AutoTunnel is a system for Authentication, Authorization, and Accounting on free networks. Its primary features include 802.1x security for both wireline and wireless access, Radius authorization and accounting facililities, and network ingress and egress control. It is designed to be federated, allowing participants in a free network to choose a gateway provider according to their own needs and available offerings. It eliminates the need to establish dedicated tunnel overlays for provisioning internet service in free networks, through the use of route translation, VLAN isolation, and policy routing. AutoTunnel has three primary components, which though strongly coupled, are theoretically modular: the access stack, authorization stack, and edge stack.
The access stack consists in a patched version of the OpenWRT hostapd system, and hostapd configuration parsing script. Hostapd is an application written in C which is responsible for handling network authentication functions in Linux. While the mainline version of hostapd does have support for Radius authentication, such support is limited to basic 802.1x (WPA Enterprise) authentication.
Code for AutoTunnel WPAD/Hostapd can be found on | github
While dynamic vlan assignment is possible in the stock version of hostapd, its implementation is incompatible with the qmp/bmx network architecture. In stock hostapd, vlans can only be crated and assigned on top of a fresh, purpose-specific bridge device. AutoTunnel extends hostapd's vlan creation facilities to enable programattic creation of vlans on top of existing bridge devices (such as br-lan, in the case of qmp). Such vlans can be created in response to user-specific attributes during the radius authentication process.
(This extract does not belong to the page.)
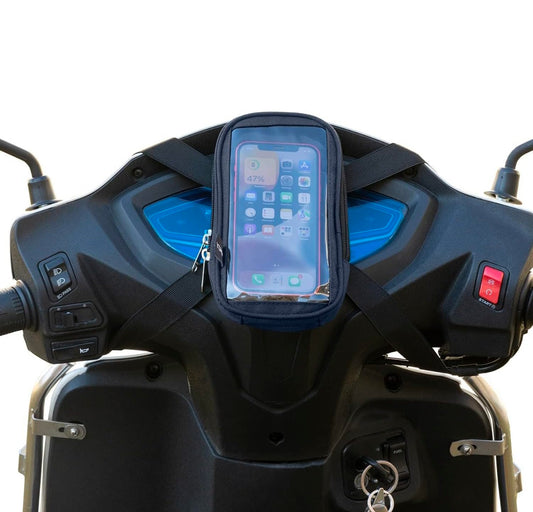 Polyester Handlebar Universal Mobile Holder Mount Pouch Bag Waterproof for All Scooter Scooty Bike Fit 7 inches Phone (Black)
Stock hostapd also includes support for radius accounting, including bytes-in and bytes-out measurement of user traffic. AutoTunnel extends accounting support to include the ability to send a station's ip address to the accounting server once it has been assigned from the AP's local DHCP pool. In this way, address management remains distributed, but access and edge components are able to operate on layer 3 identifiers.
At the core of AutoTunnel's functionality is the ability to create routing policies on a per-user or per-vlan basis based on instructions from a radius authentication server. In order to achieve this functionality, AutoTunnel leverages the abilities of the bmx6 routing protocol, iptables+ebtables physical device tagging, and iproute2 policy routing features. AutoTunnel makes use of the 'Framed Route' radius attribute to communicate the gateway that should be used by a partiular user in order to reach the internet. AutoTunnel extracts this information, and creates a bmx6 'tunnel out' directive, exporting the route to a vlan-specific routing table in the kernel. Because all AutoTunnel-created vlans are attached to the primary lan bridge device, ebtables must be used in conjunction with iptables to give an identifying mark to those packets that come in over a particular bridge port (vlan). Finally, iproute is used to examine identifying marks, and direct route lookups to the appropriate routing table.
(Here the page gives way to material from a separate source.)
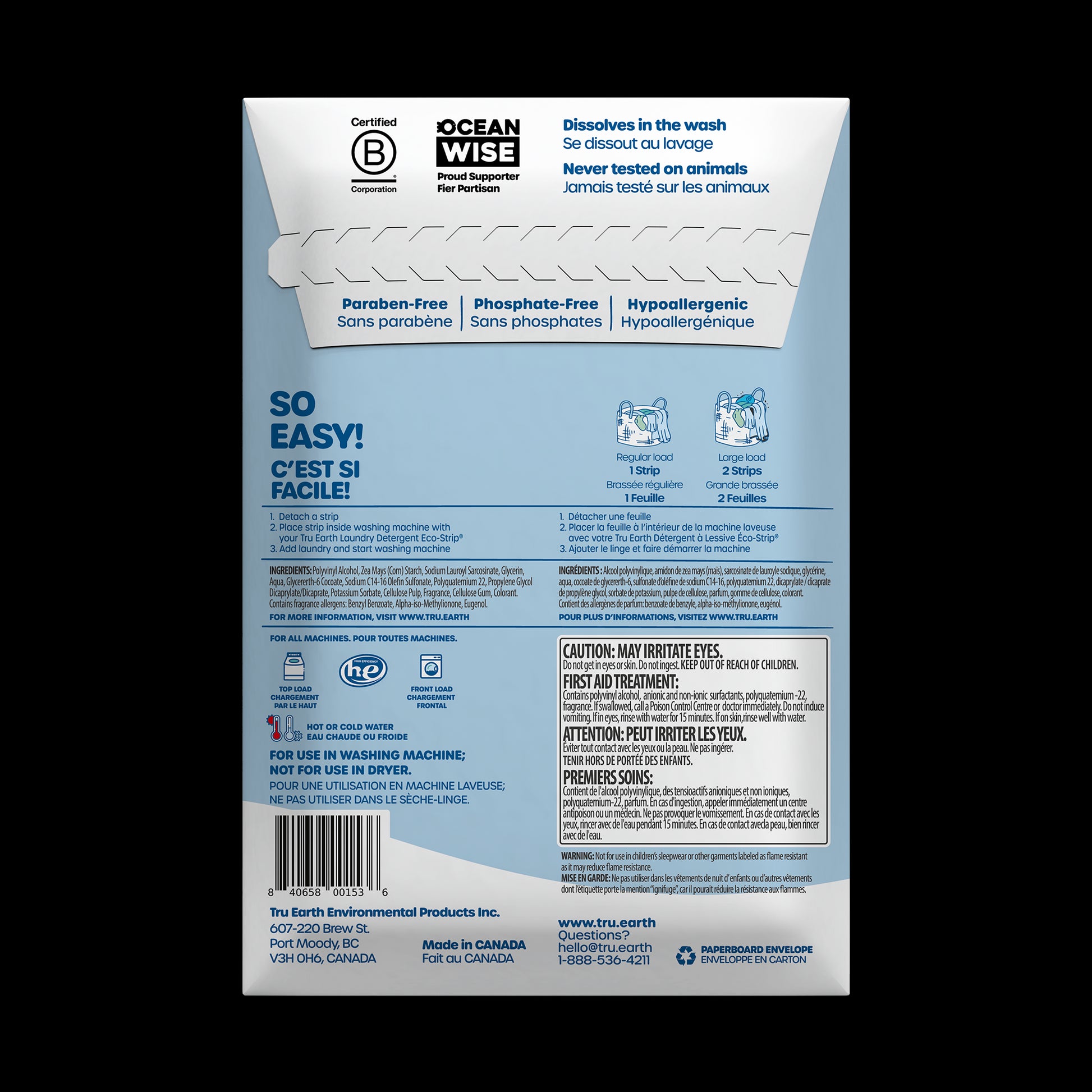 TruEarth Fabric Softener Fresh Linen Back of Package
There is a good degree of flexibility in the auth stack, but the reference implementation is built using FreeRadius2 running on top of Debian 7. AutoTunnel can be integrated into existing radius facilities. AT auth compoenents are comprised of radius site confiugration directives, radius domain proxy settings, and a radius exec module responsible for exporting user session state to the edge components.
Additionally, auth server network reachability is facilitated by round-robin dns naming. Operators may use whatever dns server they please, but the reference implementation of AutoTunnel uses PowerDNS.
While it would certainly be possible to extend AutoTunnel support to other routing platforms, it currently is designed to be used with pfSense, a routing-focused distribution of bsd. In partiulcar it leverages a modified version of the 'pfBlocker' module for pfSense 2.1. Based on user state information exported from the auth server, firewall policies are created to allow authenticated users to egress the free network and access peer networks. This is acheived by creating a default-drop policy on free network-facing interfaces, and dynamically adding authenticated users to a pass alias.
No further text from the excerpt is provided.